Tech giants such as Apple, Microsoft, Google and Meta face fines of almost $800,000 a day if they don’t come clean on their progress in combating child exploitation and abuse material on their platforms. Source: Sydney Morning Herald.

The companies have been given six months to report back to Australia’s eSafety commissioner, Julie Inman Grant, on efforts to lift their standards as part of a tough new approach requiring half-yearly disclosures for the next two years.

Ms Inman Grant said the ultimatums were given after the companies admitted alarming failures in addressing harmful content on their social media sites, devices and cloud storage software. 

She cited one example of Microsoft taking up to 19 days to respond to reports of child abuse.

“It’s a form of wilful blindness,” she said.

“These are the largest, most wealthy, powerful, technology-focused companies in the world. They’re not only not doing everything they can – they’ve shown there is a way, there’s just no will there.”

Tech companies are already required to report to the Government on steps they are taking to minimise harmful content on their sites and platforms, but Ms Inman Grant said the watchdog intensified its approach after finding the organisations were dragging their feet.

The companies have until February 15 to provide their first round of responses and face fines of $782,500 for each day they don’t comply.

The federal Government is also shaping up against tech companies over the online proliferation of images of violent incidents such as the Wakeley church stabbing, which social media company X Corp refused to completely remove over freedom of speech concerns.

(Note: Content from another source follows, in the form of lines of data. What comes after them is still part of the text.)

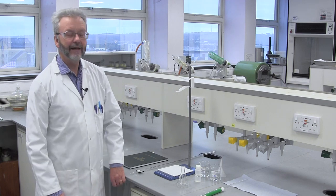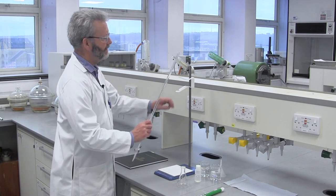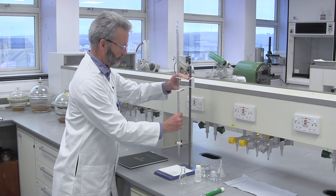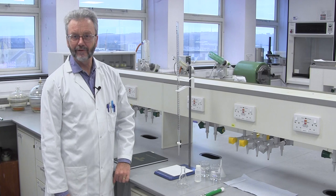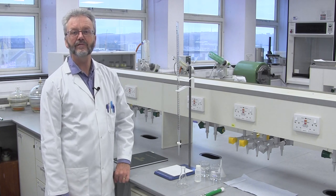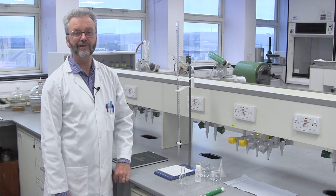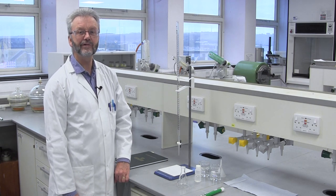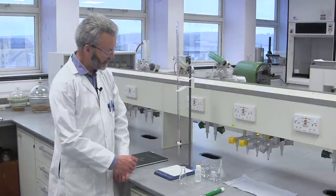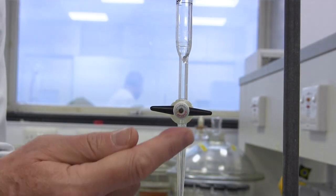Here we are in one of the chemistry teaching labs at the University of Plymouth, with all the equipment we need for the experiment. The first thing to do is to put the burette in the clamp so that we don't have to hold it. Now to fill the burette — the first thing to do is to make sure the tap is in the off position. We can tell this because the hole that allows the solution through the tap runs in the same direction as the bar that is the handle.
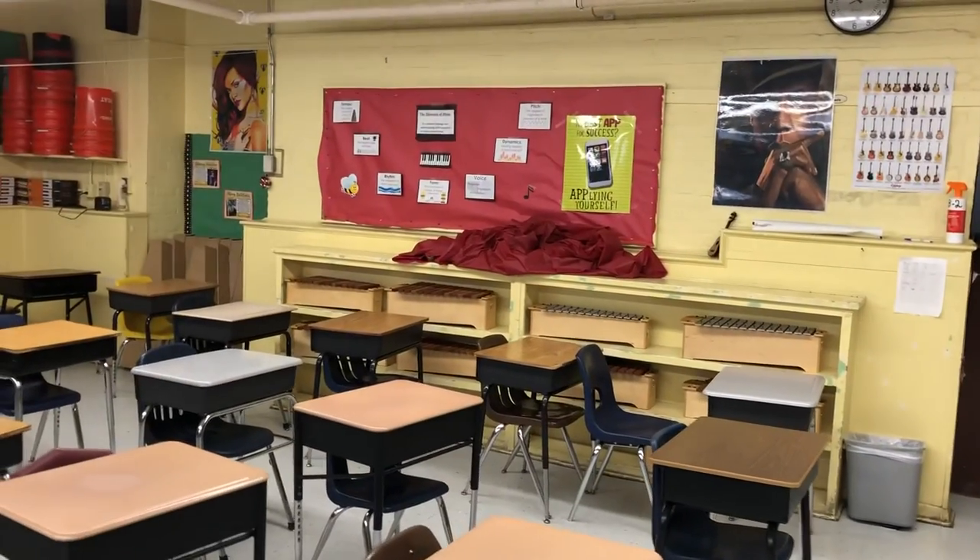That is basically it. That's a tour of my room with all the Save the Music grant gear finally in. I hope you enjoyed. And once again, Save the Music folks, I cannot thank you enough for what your grant has done to help this school and its music program. Thank you all again. Have a great day.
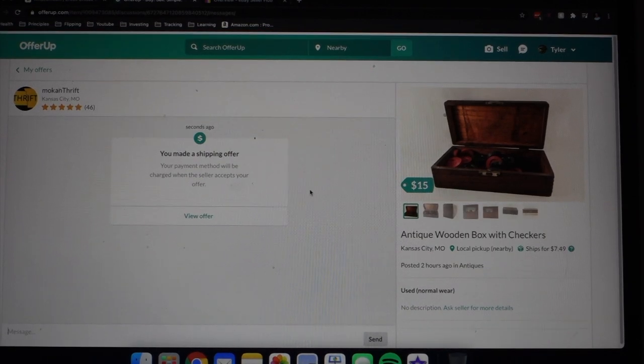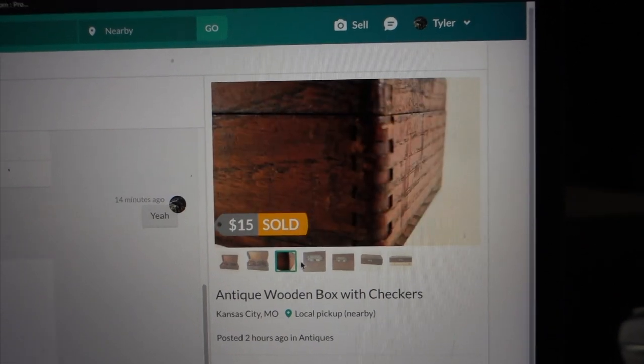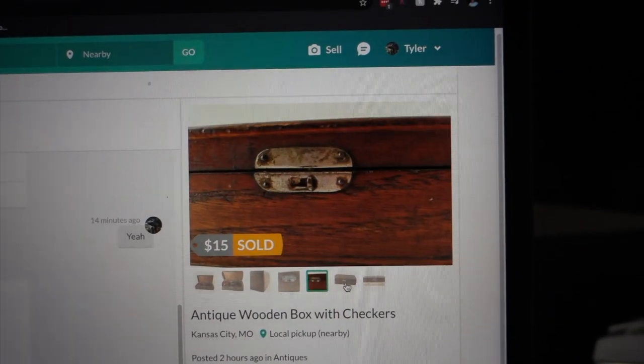So as I'm scrolling through Off-Rope — Off-Rope is like a garage sale online — I come across this box and I think to myself, I could probably make something out of this. I guess that's kind of what I did.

Ms Inman Grant on Tuesday told a Senate committee scrutinising government reforms to criminalise the sharing of deepfake sexualised material that the onus should be on artificial intelligence companies to do more to prevent their technology from being used to generate the content, and apps that “nudify” people should be treated in the same way as tracking apps used for coercive control.

FULL STORY

‘Wilful blindness’: Big fines for tech giants that ignore abuse material (By Angus Thompson, Sydney Morning Herald)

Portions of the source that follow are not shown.